Tive a honra e satisfação de entrevistar Claudio Nucci para minha coluna mensal no site acessa e ainda ganhei de presente a oportunidade de ouvir seu cd recém lançado, que novamente contempla o universo de sublimes canções do mestre Dorival Caymmi. Se o disco anterior já havia me impactado, este é o resultado emocionante e grandioso de um ourives da voz e do som, que mergulhou com intensa coragem e devoção na mais pura essência do criador Caymmi.

Em "Claudio Nucci revisita Caymmi", a simplicidade e o lirismo caminham de mãos dadas, inseparáveis, como nos versos pungentes de Juca Filho para "Da cor de algodão". Linda e luminosa celebração, que comunga num ágape cheio de molejo e swing, a chegada no céu do mestre baiano portador dos cabelos branquinhos e macios como uma nuvem de algodão: "De camisa listrada e violão/O meu samba mandou lhe chamar/O cabelo da cor de algodão/pé descalço na areia do mar/sereia vem no arrastão/ no seu colo sonhar faceira/gozando a canção praieira/ que incandeia o coração/e no céu da Bahia então/aquarela de som e sol/no dia que vem surgindo/ com a benção de Dorival".

Grande parte dos músicos que gravam Caymmi revelam a predileção por seu universo de canções praieiras, já Nucci neste disco deixa evidente sua destreza no trânsito pelas canções, que não se fecham exclusivamente no mundo dos mares, pescadores, jangadas e sereias. "Sargaço mar", pérola praieira Caymmiana, leva uma condução rítmica que retoma a força do legado africano nas congas, que evoluem em ondulações sonoras envolventes como uma espécie de mantra.

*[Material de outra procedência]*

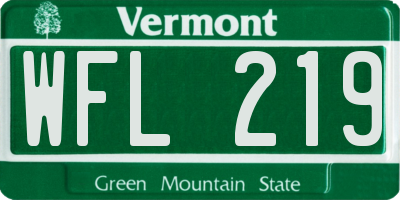 VT license plate WFL219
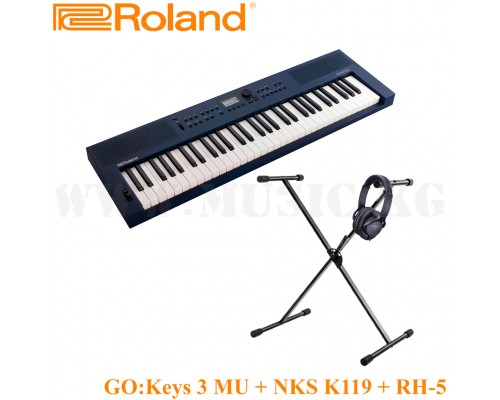 Акция!!! Синтезатор Roland GO:KEYS 3 (MIDNIGHT BLUE) + стойка Nomad NKS-K119 + наушники Roland RH-5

A voz de Nucci, de timbre muito belo e afinação precisa, demonstra sua sintonia ainda mais visceral com Caymmi. No álbum anterior ele manteve as composições num registro um pouco mais alto, conforme a tessitura de seu alcance vocal na época. Com a passagem dos anos, as notas mais graves chegaram com a naturalidade do transcorrer do tempo, o que lhe possibilitou cantar no mesmo tom de Caymmi, proporcionando a nós ouvintes uma sensação de cumplicidade plena entre intérprete e criador.

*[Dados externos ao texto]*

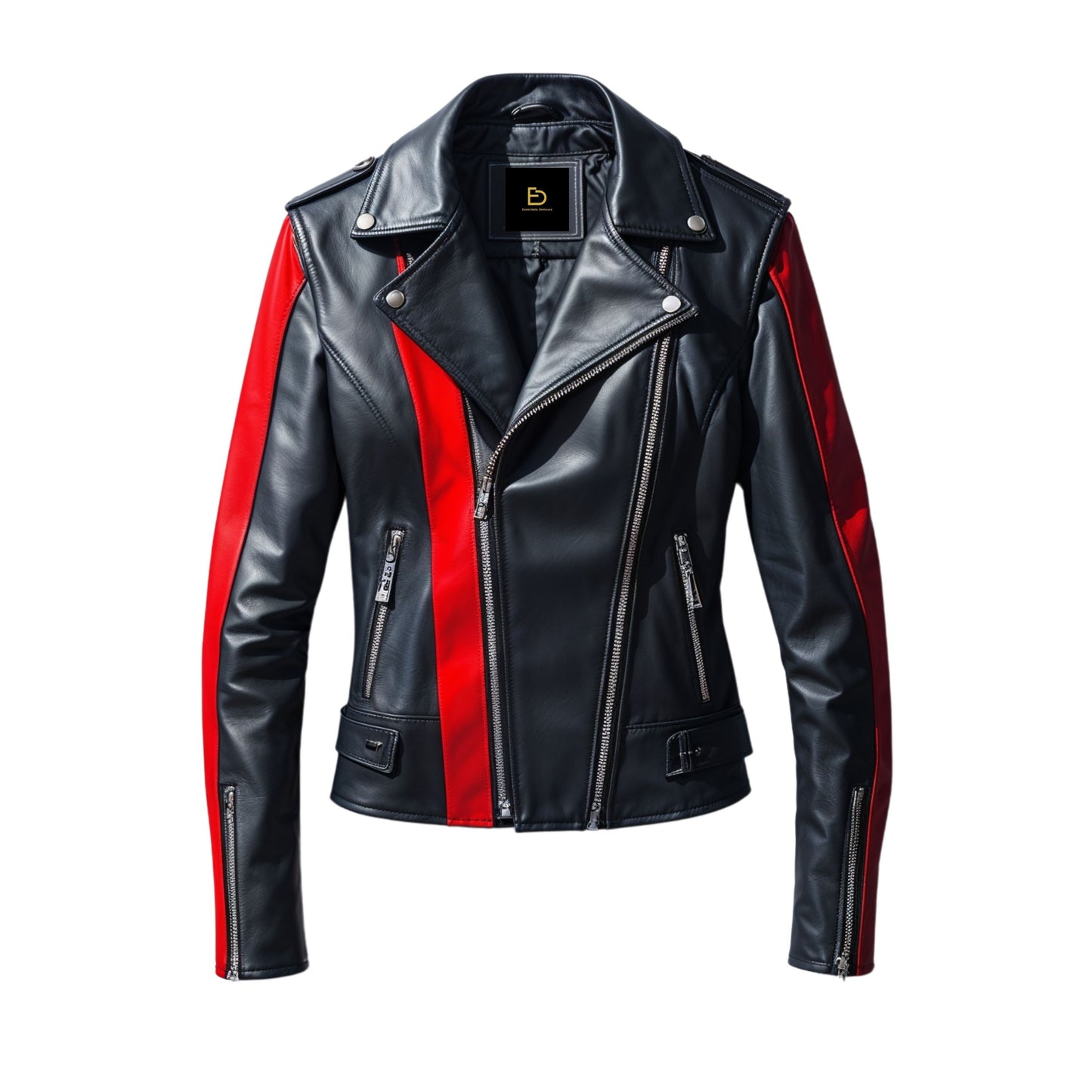 Men's Real Leather Biker Jacket with Red Stripes, Asymmetrical Zip Street Style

Nucci adentrou tão intensamente na criação do mestre, que o som peculiar do violão do compositor é revisitado em sua integridade: "Mantenho a organicidade do violão e voz e de maneira ainda mais radical. Percebi ao ouvir novamente o violão de Caymmi, que ele tinha uma afinação diferente. Todo violão é normalmente afinado, de baixo pra cima, (mi, si, sol, ré, la, mi). A afinação de Dorival era um tom abaixo disso (ré, la, fa, dó, sol, ré) então o violão soa mais grave, mais misterioso. Se é que existe, soa como um "violão barítono".

Ouço as canções e a força orgânica do som parece realizar-se bem ao meu lado, como se Nucci estivesse tocando aqui e agora. Pura beleza crua e cristalina, trabalho certeiro de um artesão de apurada sensibilidade minimalista, que incide no cerne da essência sintética e inigualável da criação Caymmiana. Voz, violão e percussão não excedem, nem carecem. Seguem na viagem sonora tão rica de lirismo, como na emocionante "Peguei um Ita no norte": "Peguei um "Ita" no norte/Pra vim pro Rio morar/Adeus, meu pai, minha mãe/Adeus Belém do Pará". Um disco de tão elevada beleza, com certeza traz a benção de Dorival que sorri no sorriso de Xangô.


Daniela Aragão é Doutora em Literatura Brasileira pela Puc-Rio e cantora. Desenvolve pesquisas sobre cantores e compositores da música popular brasileira, com artigos publicados em jornais como Suplemento Minas de Belo Horizonte e AcheiUSA. Gravou, em 2005, o CD Daniela Aragão face A Sueli Costa face A Cacaso.